Erstmals schwules Missbrauchsopfer in Kommission

Die Päpstliche Kommission zum Schutz von Minderjährigen wurde 2013 von Papst Franziskus als Reaktion auf den Missbrauchsskandal in der katholischen Kirche eingerichtet. Die Kommission soll ihn beraten und Vorschläge dazu machen, wie die Kirche Minderjährige und gefährdete Menschen in all ihren Einrichtungen in Zukunft am besten schützen kann. Immer wieder betonte Franziskus, wie wichtig es ihm sei, Überlebende klerikalen Missbrauchs in dem Gremium zu haben.

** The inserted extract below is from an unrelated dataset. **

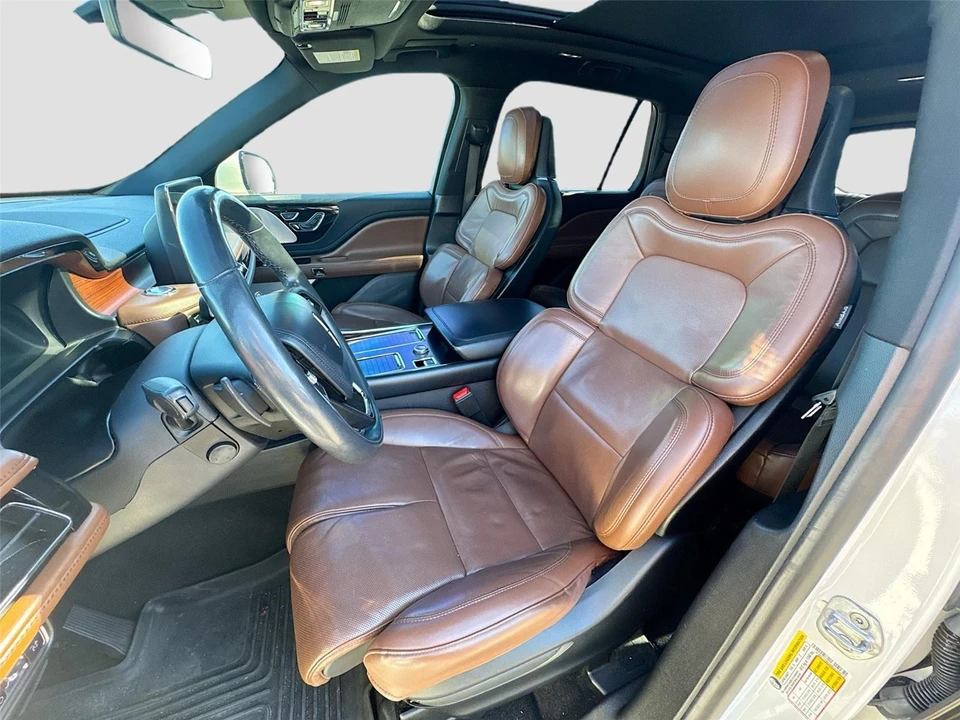 2022 Lincoln Aviator 2nd Gen - Image 17 of 19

Im Tagesbulletin des vatikanischen Presseamtes wurde am 24. März mitgeteilt, dass alle Mitglieder der Kommission im Amt bestätigt wurden – und dass mit Cruz ein neues Mitglied berufen wurde, dessen Mandat zunächst drei Jahre dauern soll. Damit hat Franziskus das erste offen homosexuelle Missbrauchsopfer zum Berater ernannt. Wieder einmal machte Franziskus damit seine Einstellung gegenüber der queeren Community deutlich – und dürfte sicher die eine oder andere Mauern des Vatikans zum Beben gebracht haben.

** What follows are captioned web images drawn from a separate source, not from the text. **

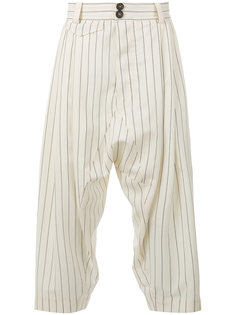 укороченные брюки с заниженным шаговым швом Vivienne Westwood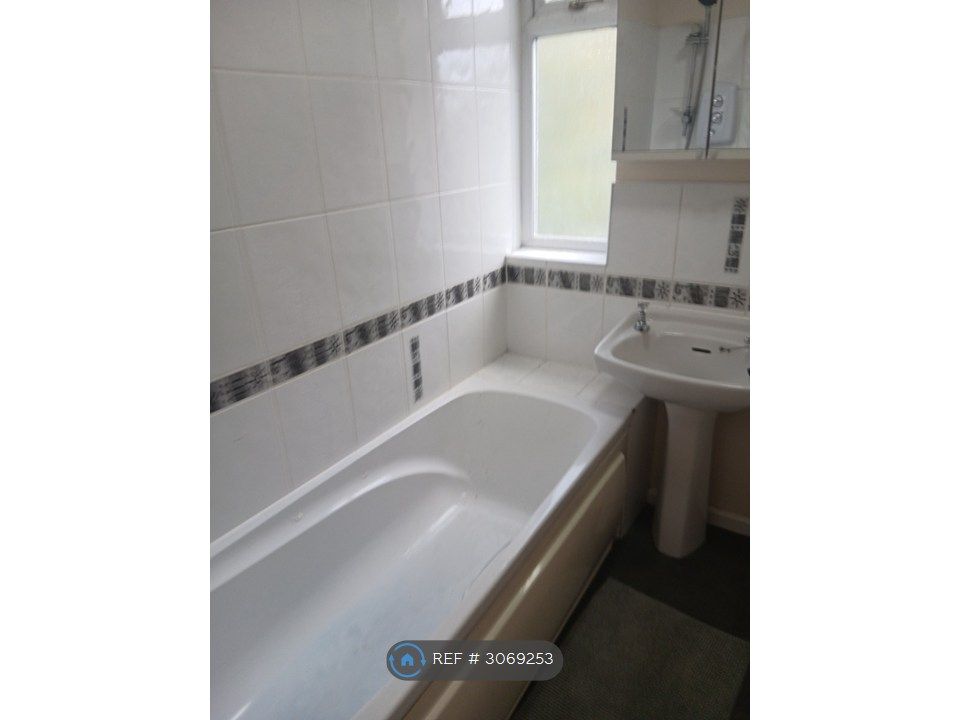 Property photo 2 of 27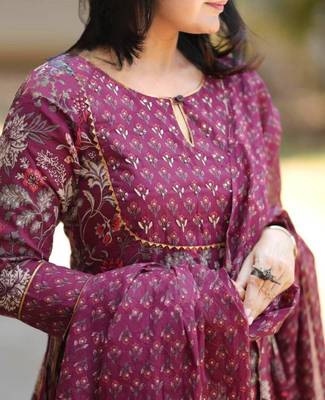 Maroon rayon printed kurta set 4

Auf Twitter reagierte Juan Carlos Cruz, der inzwischen in Philadelphia, USA, lebt und als Kommunikationsmanager für ein großes Unternehmen arbeitet, auf die Nachricht mit den Worten:

„Ich bin Papst Franziskus @Pontifex sehr dankbar, dass er mir mit dieser Ernennung sein Vertrauen gezeigt hat. Ich schätze das sehr. Das erneuert meine Verpflichtung, weiter daran zu arbeiten, die Geißel des Missbrauchs zu beenden und für so viele Überlebende zu kämpfen, die immer noch keine Gerechtigkeit haben.“


Papst glaubte ihm zuerst nicht

Die Entscheidung des Papstes darf auch als Eingeständnis und Wiedergutmachung eines eigenen Fehlers angesehen werden. Cruz musste jahrelang kämpfen, bis der Vatikan – einschließlich Papst Franziskus – ihm glaubte. Gemeinsam mit James Hamilton und Andrés Murillo, zwei anderen chilenischen Missbrauchsopfern, erhob er schwere Missbrauchsvorwürfe gegen den angesehenen chilenischen Priester Fernando Karadima. Der Fall sorgte international für Aufsehen, besonders, da die Führung der chilenischen Kirche die Vorwürfe immer wieder abschmetterte.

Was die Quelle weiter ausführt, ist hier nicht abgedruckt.